I’m feeling very angsty. There is a cloud over me and I can’t outsmart it. I know the cloud is dumb and incapable of strategy but it keeps finding me, no matter how many hours I spend on my bike. It finds me even in my dreams.

Sometimes I give up the care that it is there, because I know that clouds will sometimes form, despite my protests, and that they will travel with the wind, and that the wind is always consistent in its pressing, pushing the cloud as it pushes me, but this wind is in my face, not so hard that I can’t breath, but enough to be annoying. I wish it would go away. But this wind is committed to something, and I can’t make sense of its persistence.
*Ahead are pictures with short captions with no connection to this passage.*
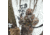 First Lite Thermic Insulated Jacket - Mens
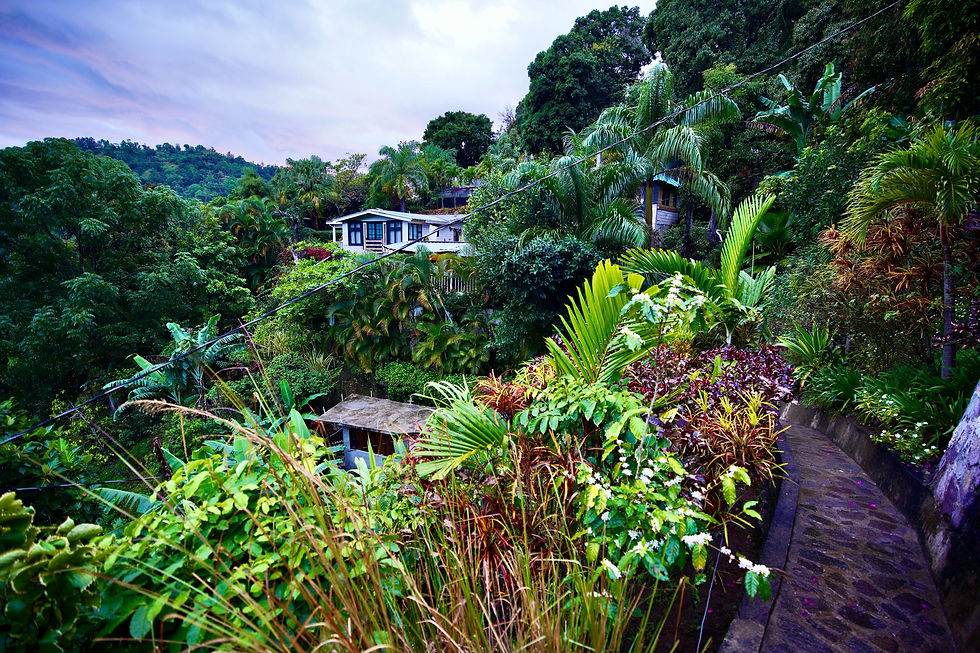 bc0d6ab5-716a-4a9c-9c8a-8dd9f8e9bd9e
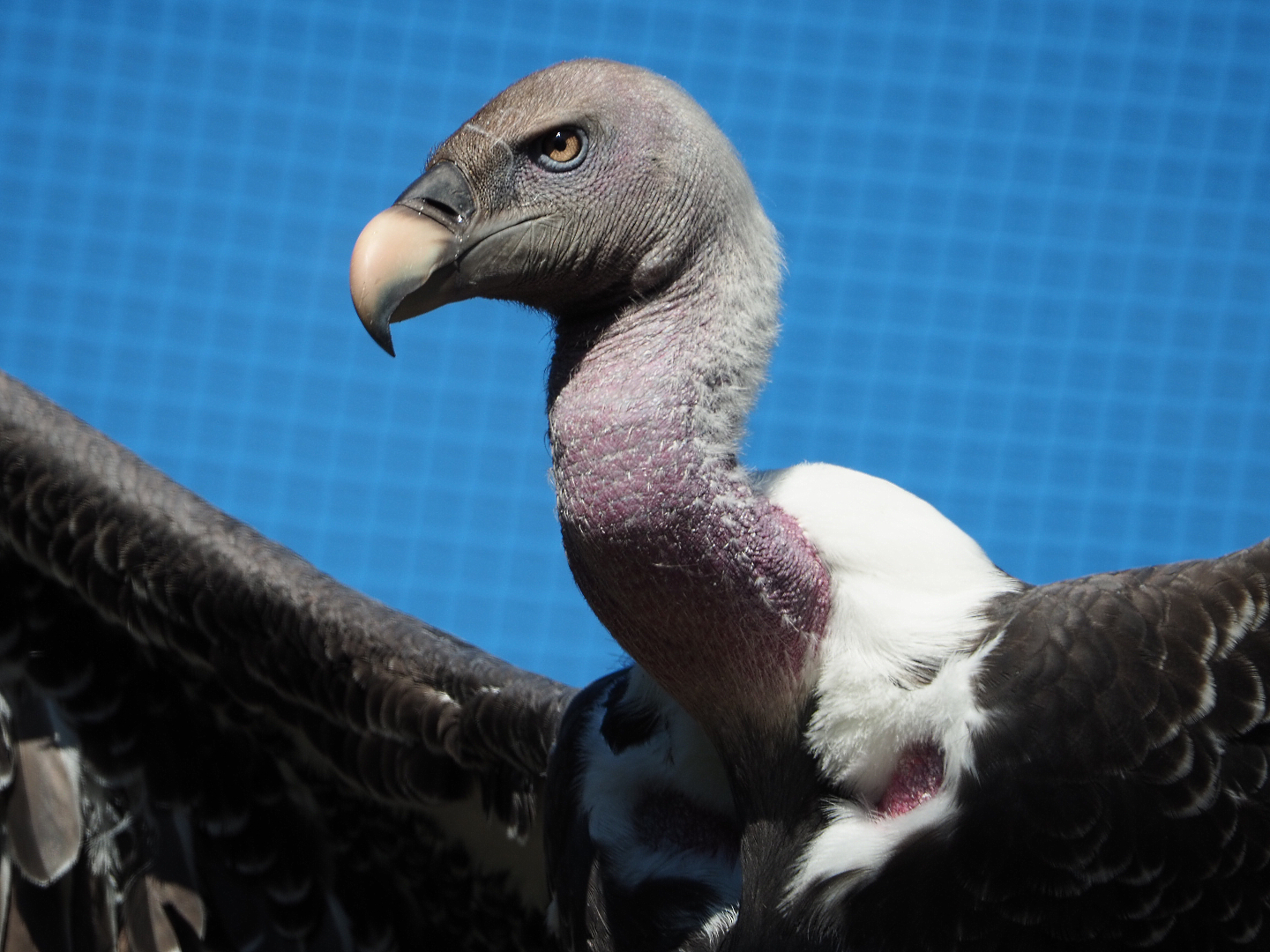 Rüppell's vulture (Gyps rueppelli rueppelli), 2019-09-21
I tell it that it is just a cloud, that no one cares about it, that no one likes it, that all of us would prefer that it not block out the sun, but it just dangles there and makes no offer to its intention.

I mentioned it to my friend the other day during a phone call. He too, was confounded by its resolve. I wonder what it could want with you, he asked?  Maybe my luck has begun to run thin, I suggest, maybe the winds no longer find me in their favor, maybe a lesson is to be learned. But what lesson? What have I done wrong? Everything I have done benefited the other first, and I have never put myself in the front of the line. How does this cloud see it fit to rain on me and never let me dry, not for a second?

Let us examine this, he says. A cloud is temporary, for one. And so is the sun, one could argue, burning the way it does. And a cloud can blot out the sun, yes it can, but only until the sun dries it up. The sun will always beat a cloud.

Yes, that helps. Thank you, I say. But I long for the sun to take control a little quicker, and the winds to change more rapidly, because I feel that not only is my head wet, and my feet tired from walking against it, but my heart too, is giving up. Sometimes I feel like my heart is simply tacking and gibing against a sea that hides a rogue wave destined to take it deep down to its cold sand, and bury it beneath the tow.


No, he says. The cloud, the wind, the sea, they are there to remind you of YOU!